Gerindra Bela Rizieq soal Larangan Memilih Pendukung Penista Agama

JawaPos.com – Orasi Imam Besar FPI Rizieq Shihab yang melarang seluruh peserta reuni alumni 212 untuk memilih partai politik, caleg, capres maupun cawapres yang membela penista agama telah menyedot perhatian masyarakat. Ucapan Rizieq pun disoroti sebagai pelanggaran kampanye oleh pemerhati pemilu maupun kubu petahana.

Menanggapi hal itu, Sekjen Partai Gerindra Ahmad Muzani menilai, ucapan Rizieq tidak termasuk dalam kategori pelanggaran kampanye. Sebaliknya, dirinya justru menilai lontaran keras Rizieq sebagai tausiyah kepada peserta aksi reuni 212.

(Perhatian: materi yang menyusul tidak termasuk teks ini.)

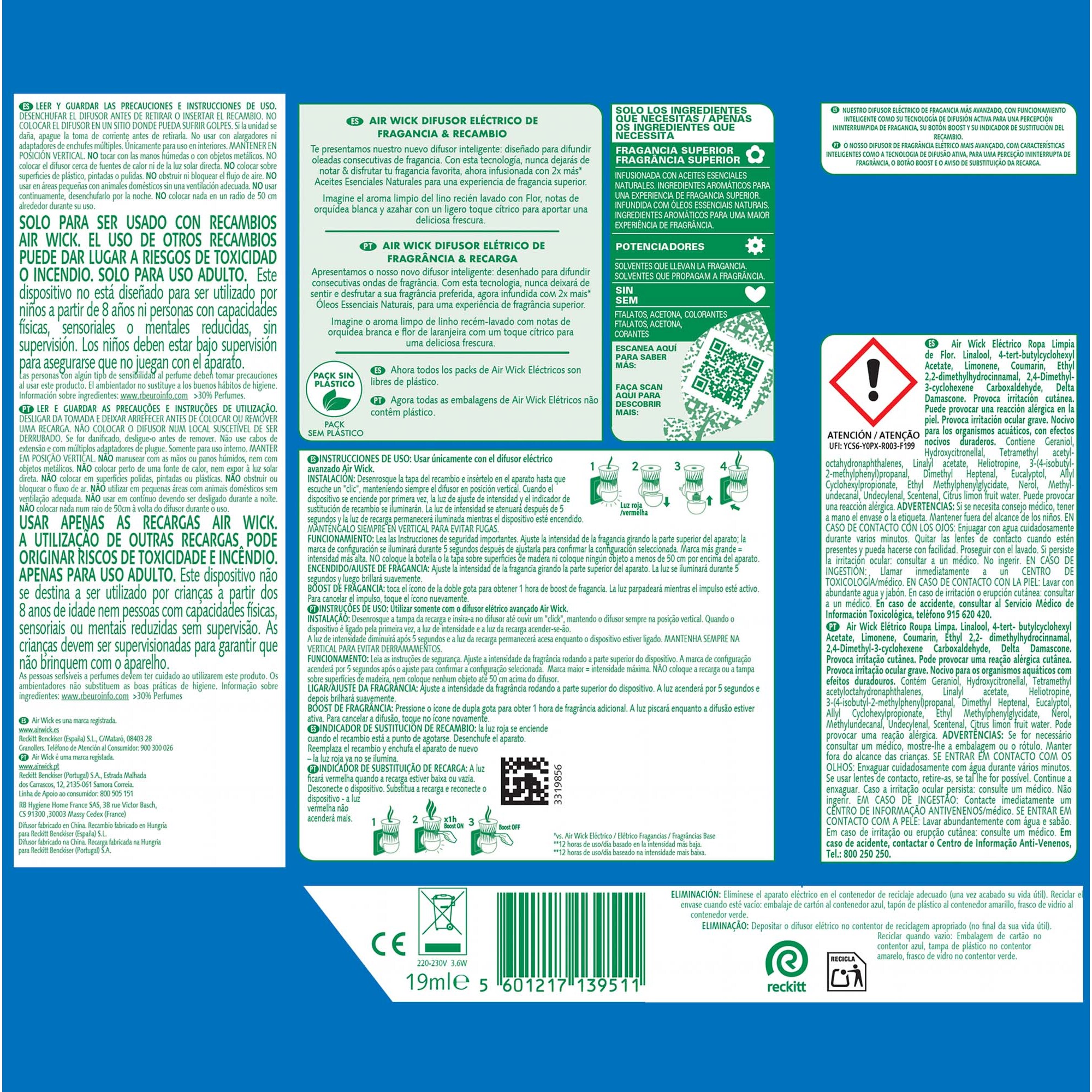 Air Wick Ambientador Eléctrico - Ambientador difusor inteligente con tecnología Anti-Fading con aroma a Ropa Limpia con Flor - Aparato y Recambio
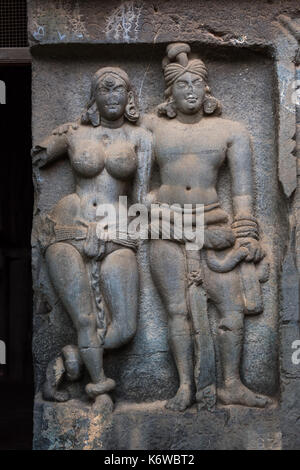 Carving at entrance to Chaitya at Karla, Maharashtra, India Stock Photo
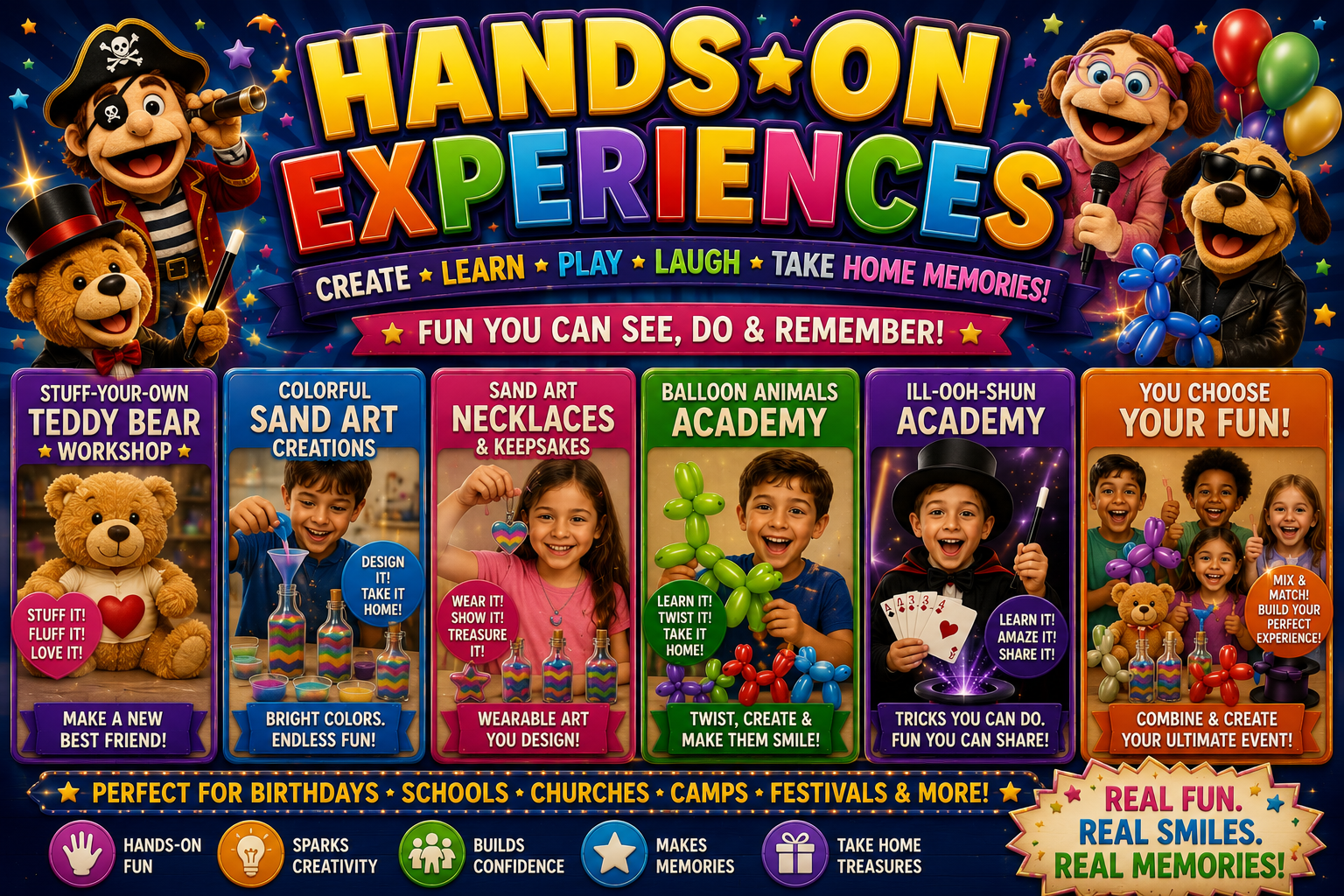 Learn how to create balloon animals, perform amazing illusions, create a beautiful sand art necklace of stuff a teddy bear!!  Have an amazing and fun experience!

“Habib Rizieq menyampaikan itu bagian dari tausiyahnya. Beliau sebagai seorang yang merasa juru dakwah agar keimanan dan keyakinan negeri tercinta bisa terjaga,” kata Muzani di Gedung DPR RI, Jakarta, Senin (3/12).

Muzani pun membandingkan, antara larangan untuk memilih pembela penista agama dan larangan untuk memilih pemimpin yang korupsi. Baginya, kedua pernyataan itu sama-sama memiliki arti untuk memberikan nasihat yang baik kepada masyarakat.

“Karena itu bagian dari upaya penegakan moral sebagai seorang pemimpin dan pejabat publik,” terangnya.

Di sisi lain, Muzani menilai ucapan Rizieq tidak ditujukan kepada pasangan calon ataupun kubu tertentu. Sehingga sejatinya, ucapan Rizieq bisa menjadi evaluasi bagi siapapun.

“Saya kira itu bagian dari sesuatu yang umum dan netral yang tidak ditujukan kepada siapapun,” tukasnya.